Correcting Misclassification Bias in Regression Models with Variables Generated via Data Mining

Speaker
Ms Qiao Mengke
Advisor
Dr Huang Ke-Wei, Associate Professor, School of Computing


24 Dec 2019 Tuesday, 02:00 PM to 03:30 PM

Executive Classroom, COM2-04-02

Abstract:

As a result of advances in data mining, more and more empirical studies in the social sciences apply classification algorithms to construct independent and dependent variables for further analysis via standard regression methods. Specifically, in the first stage, researchers apply classification algorithms to construct a new categorical variable. In the second stage, this newly constructed categorical variable can be directly used as an independent or dependent variable in a regression. This type of study is defined as "individual-level hybrid study". Besides, the new variable from the first classification stage can be aggregated (e.g. mean or sum) and then, be used as a variable in the aggregate-level regression. This type of study is defined as "aggregate-level hybrid study". In the classification phase of these studies, researchers need to choose subjectively a classification performance metric for optimization in the standard procedure. No matter which performance metric is chosen, the constructed variable still includes classification error because those variables cannot be classified perfectly. The misclassification of constructed variables will lead to bias in the estimation of regression coefficients in the following phase, which has been documented as a problem of measurement error in the econometrics literature.

In the first study, we attempt to investigate systematically the theoretical foundation of the measurement error problem in individual-level hybrid studies. In individual-level hybrid studies, individual-level measurement error can be directly observed and quantified on the training set, which can be utilized to correct the estimation bias. Our theoretical analysis shows that consistent regression estimators can be recovered in all models studied in this paper. The main implication of our theoretical result is that researchers do not need to tune the classification algorithm to minimize the bias of estimated regression coefficients because this bias can be corrected by theoretical formulas, even if the classification accuracy is poor. Instead, we propose that a classification algorithm should be tuned to minimize the standard error of the focal regression coefficient derived based on the corrected formula. As a result, researchers can derive consistent and most efficient estimators in all models studied in this paper.
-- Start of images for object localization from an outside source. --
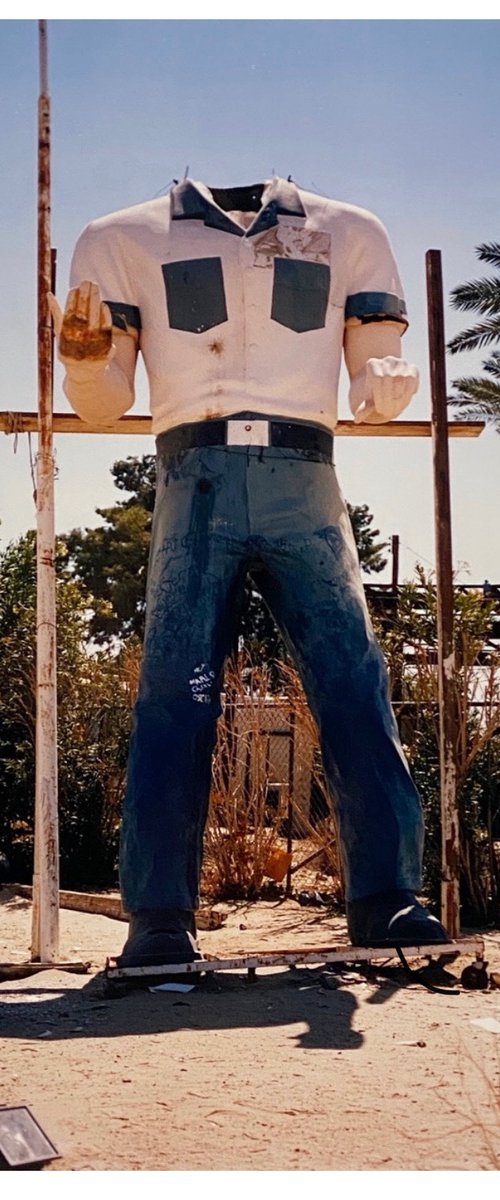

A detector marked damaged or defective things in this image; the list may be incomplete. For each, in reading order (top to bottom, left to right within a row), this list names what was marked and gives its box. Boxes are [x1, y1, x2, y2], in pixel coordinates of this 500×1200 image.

rusted metal base [103, 936, 482, 984] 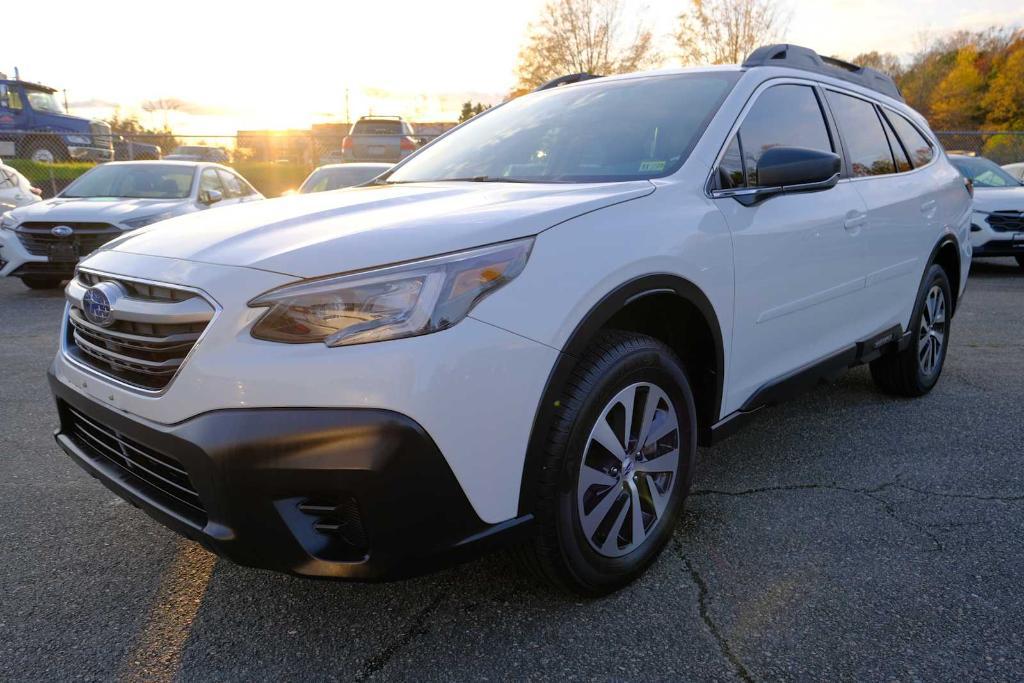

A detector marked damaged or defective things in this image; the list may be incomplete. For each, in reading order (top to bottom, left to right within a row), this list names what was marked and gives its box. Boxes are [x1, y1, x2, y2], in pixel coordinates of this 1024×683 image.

crack in pavement [352, 581, 452, 679]
crack in pavement [675, 540, 757, 683] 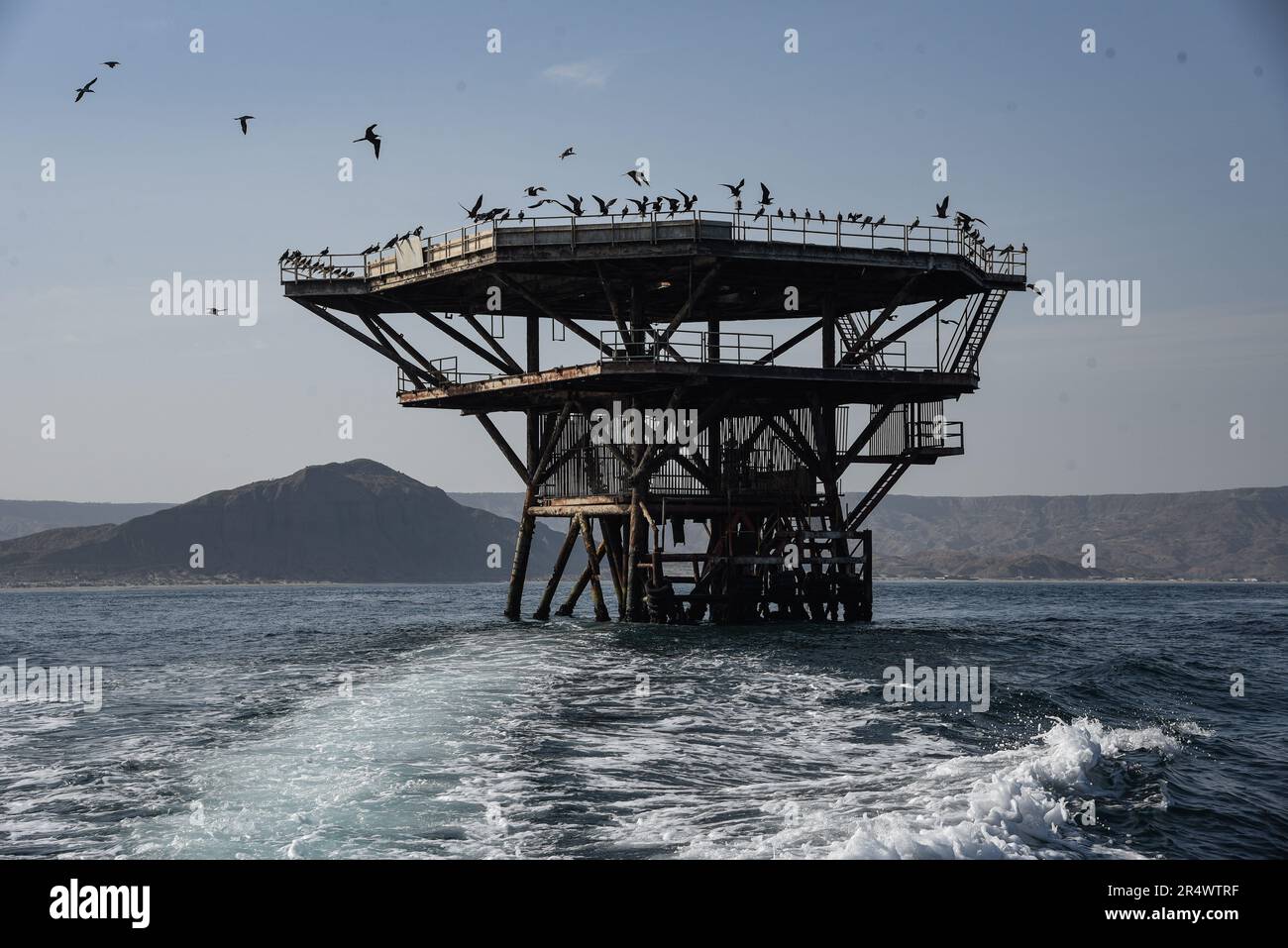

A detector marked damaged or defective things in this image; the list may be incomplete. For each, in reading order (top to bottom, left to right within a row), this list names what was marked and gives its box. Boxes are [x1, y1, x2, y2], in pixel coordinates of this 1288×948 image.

rusty metal structure [283, 209, 1022, 622]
In the second study, we attempt to analyze the measurement error issue in aggregate-level hybrid studies. In aggregate-level hybrid studies, the aggregated measurement error cannot be directly observed and quantified on the training set since the training dataset is generally a random subsample of the whole dataset at individual level, not at aggregate level. Moreover, little literature has analyzed this problem since it appears due to the unique two-stage feature in hybrid study. Therefore, we need to derive new solutions to correct the estimation bias in aggregate-level hybrid studies. Our theoretical analysis shows that consistent regression estimators can be recovered in all cases studied in this paper. As with the first study, our theoretical results show that the estimation bias can be corrected by theoretical formulas, even if the classification performance is poor.